By 1970, four years before the passage of the Safe Drinking Water Act, all those death rates had fallen virtually to zero.
Major improvements have been made in technologies that promote fewer emissions and cleaner air, resulting in better overall air quality.
Figure 2 tracks the amount of emissions from seven common pollutants, while adjusting for real GDP from 1940 to 1997.
Air pollution has been declining for more than a century. Improvements in air quality over time were due to newer, more efficient technologies entering the marketplace, state and local regulations, and increasingly effective nuisance suits against polluters. Air pollution in America was declining long before the Clean Air act nationalized pollution control in 1970.
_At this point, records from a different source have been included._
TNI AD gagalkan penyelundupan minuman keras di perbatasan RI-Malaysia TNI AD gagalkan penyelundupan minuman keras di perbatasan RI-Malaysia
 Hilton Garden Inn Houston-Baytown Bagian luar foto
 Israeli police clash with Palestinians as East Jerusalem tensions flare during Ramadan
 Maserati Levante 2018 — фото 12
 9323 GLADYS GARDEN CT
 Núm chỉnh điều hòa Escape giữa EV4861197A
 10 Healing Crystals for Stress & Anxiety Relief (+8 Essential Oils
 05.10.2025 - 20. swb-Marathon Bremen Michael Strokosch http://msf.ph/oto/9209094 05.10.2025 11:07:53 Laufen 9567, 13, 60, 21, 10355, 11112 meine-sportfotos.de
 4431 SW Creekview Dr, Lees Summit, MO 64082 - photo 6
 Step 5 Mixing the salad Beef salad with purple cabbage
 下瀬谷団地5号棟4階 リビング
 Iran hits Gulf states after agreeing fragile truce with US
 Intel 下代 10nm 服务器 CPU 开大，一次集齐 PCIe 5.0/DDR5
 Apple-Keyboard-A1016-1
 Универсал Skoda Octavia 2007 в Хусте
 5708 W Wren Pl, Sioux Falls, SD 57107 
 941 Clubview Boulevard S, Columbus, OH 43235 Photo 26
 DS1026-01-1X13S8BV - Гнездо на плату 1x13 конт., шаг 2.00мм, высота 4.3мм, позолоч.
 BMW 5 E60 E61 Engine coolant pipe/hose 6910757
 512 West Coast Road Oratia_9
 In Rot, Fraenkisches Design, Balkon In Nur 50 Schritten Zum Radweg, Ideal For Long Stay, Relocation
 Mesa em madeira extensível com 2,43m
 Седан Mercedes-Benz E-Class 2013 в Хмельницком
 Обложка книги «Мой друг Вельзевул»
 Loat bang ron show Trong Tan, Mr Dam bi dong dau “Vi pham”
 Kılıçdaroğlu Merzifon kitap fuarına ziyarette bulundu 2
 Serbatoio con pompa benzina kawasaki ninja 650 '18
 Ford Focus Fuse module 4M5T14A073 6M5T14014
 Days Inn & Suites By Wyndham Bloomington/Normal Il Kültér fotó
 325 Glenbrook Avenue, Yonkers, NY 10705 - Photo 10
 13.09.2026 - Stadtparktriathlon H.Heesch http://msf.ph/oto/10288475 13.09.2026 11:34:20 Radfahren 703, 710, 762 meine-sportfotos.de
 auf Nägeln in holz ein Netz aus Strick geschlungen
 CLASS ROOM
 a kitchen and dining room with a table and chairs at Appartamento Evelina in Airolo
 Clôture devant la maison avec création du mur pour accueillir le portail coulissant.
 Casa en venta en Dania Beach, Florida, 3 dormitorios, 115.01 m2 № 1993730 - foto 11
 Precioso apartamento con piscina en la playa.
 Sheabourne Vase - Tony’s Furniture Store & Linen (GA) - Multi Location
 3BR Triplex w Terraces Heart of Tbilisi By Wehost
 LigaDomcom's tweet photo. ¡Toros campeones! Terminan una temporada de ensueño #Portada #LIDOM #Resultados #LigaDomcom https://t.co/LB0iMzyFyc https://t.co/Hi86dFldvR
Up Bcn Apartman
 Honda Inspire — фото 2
Land is one of the most visible and tangible representations of environmental quality, and there are encouraging trends that suggest land conditions in the United States are getting much better.
Figure 3 shows the amount of forested area in the U.S. relative to population dating back to 1850. While U.S. population has grown by more than 250 million persons, the amount of forested acres has stayed relatively the same, and is even trending upward.
Not only are the number of forested acres increasing, so are the number of wetland acres. Also, agriculture, the most land-intensive human activity, is becoming increasingly efficient in the United States. Production of several major crops, including corn, rice, soybeans, and others has increased more than 14 fold since 1940, while acreage of harvested land has increased by only 4 times.